A few weeks ago, Oliver Sacks passed away at the age of 82. Oliver Sacks was a poster child for the Third Age. He was a brilliant neurologist who changed the way we think about the human brain. He was a motorcyclist who once rode with the Hell’s Angels. He was a body builder who once broke a record by bench pressing 500 pounds.
Just a few weeks before he died, Oliver Sacks wrote an op ed piece for the New York Times about the Shabbat. His parents, both physicians, and musicians, and renaissance people in their own right, raised him in a shomer Shabbat home. He recalled the Shabbat of his childhood when aunts, uncles and cousins all lived within walking distance of each other and would spend the day together.
He describes how he gradually distanced himself from Jewish practice. There were many factors. The community changed. His mother called his being gay a religious abomination. And, over time, Sacks disconnected himself from the formal Jewish community.
But, in the 1990’s Sacks came to know his Israeli cousin, Robert John Aumann, a Nobel Prize winning scientist. And, he describes an interview in which Robert John speaks about the beauty of the Shabbat. And, in 2015, Sacks went to Israel for the first time in 50 years to celebrate the 100th birthday of his cousin Marjorie.
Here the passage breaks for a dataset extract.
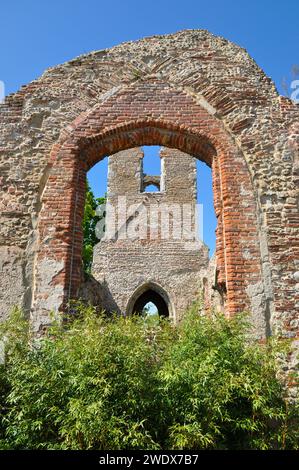 All Saints' Church auf dem Gelände des Colchester Zoo, Essex, Großbritannien. Aus dem 13. Jahrhundert ehemalige Pfarrkirche von Great Stanway. Restaurierte Ruinen Stockfoto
He was invited to Shabbat dinner at Robert John’s. He marveled at how much had changed—how he and his lover, Billy, had been so warmly received in this Orthodox environment. But, mostly, he reflected on the peace of the Shabbat and how that peace infused everything in his cousin’s home.
And, he found himself wondering: what if? What if A and B and C had been different? What sort of person might I have been? And, as he reflects on what it means to live a good life, he says: “I find myself drifting to the Sabbath…the seventh day of the week, and perhaps the seventh day of one’s life as well, when one can feel that one’s work is done, and one may, in good conscience, rest.”
What amazed me about Oliver Sacks’s words was that he was still growing, still contributing, still sharing his wisdom with the world only a few weeks before he died. He was still changing his mind until his last moment. And, I also could not help but notice: what a loss to the Jewish people that this incredibly gifted man remain disconnected from the Jewish community for 50 years. How many more Oliver Sacks’s are out there whose talent is yet untapped by our people?
Modeh ani lefanecha….thank you God for giving me this day of life, and for your faith that my best work may yet be ahead of me.
We do not presume to know God’s grading system. But, I’d like to believe that like Dr. Vitz, God weights our best paper.
If that’s true, there is always a reason to look forward to the future. For, no matter how fully or richly we may already have lived, our most beautiful moments may be yet to come.
There is no guarantee that we will succeed. And, there is always the option of shipping ourselves out to LSD farms and living out the rest of our lives in a blissful vacation.
But, let’s not go there just yet. Let’s prove to the world that we can still be dangerous.